彼は笑ったが目が笑っていない笑みだった。


「ただ、あまり熱心に見すぎると目が疲れることもある。特に若い方は」


遠回しに警告している事がわかった。


イザベルの言葉より、ずっと上手い。


直接脅したりはしない。


ただ『気をつけた方がいい』という空気を漂わせて、それでいて逃げ道を塞いでいる。


さすがに老練だと思った。


「ご忠告、ありがとうございます。でも私、目はとても丈夫なのです」


侯爵は一瞬、間を置いた。


ほんの少しだけ、その老いた目が私を測った。


「それは結構。ヴァレンタイン家のご令嬢は、やはり違いますな。ところでローゼンベルクのご嫡男とは仲睦まじいとお聞きしましたが」


彼の名前が出た瞬間、私の中で何かが静かに動いた。


ベネディクトを引き合いに出した。


それはつまり、私だけを牽制しているのではないということだ。


あるいは、二人の関係を使おうとしているのか。


「婚約者ですもの」


私は声の温度を変えずに答えた。


「当然ではございませんか」


「ええ、ええ。羨ましい限りですな。では、ご健勝で」


それだけ言って、彼は静かに立ち去った。


急がず、焦らず、何事もなかったように。


その背中を見送りながら、私は庭園へ視線を戻した。




✦ ✦ ✦




ベネディクトの名前を出した理由を、私はしばらく考えた。


単純に私を揺さぶるためか。


それとも、ベネディクトが何かを知っていることを侯爵も知っていて、それを牽制に使ったのか。

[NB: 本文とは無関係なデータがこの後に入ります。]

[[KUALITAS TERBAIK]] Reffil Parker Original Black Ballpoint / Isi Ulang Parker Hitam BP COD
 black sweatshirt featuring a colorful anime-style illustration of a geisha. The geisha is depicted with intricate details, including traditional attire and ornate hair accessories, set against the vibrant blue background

あるいはもっと単純に、ローゼンベルク家を巻き込むことへの警戒か。


分からない部分が増えたがそれ自体は悪いことではない。


分からない部分があるということは、まだ掘れる余地があるということだ。


ただ、なぜ今ベネディクトのことを考えているのだろう。


侯爵の言葉が引き金になったわけではない、と思いたかった。


ただ状況を整理しているだけだ。


彼の名前が出たから、戦略上の要素として検討しているだけだ。


それ以上の意味はない。


夜会の灯りが窓越しに差し込んでいた。


窓の外で、枯れた薔薇の棚が風に揺れていた。


春になれば、また咲くのだろう。


今はただ、棘だけが残っている。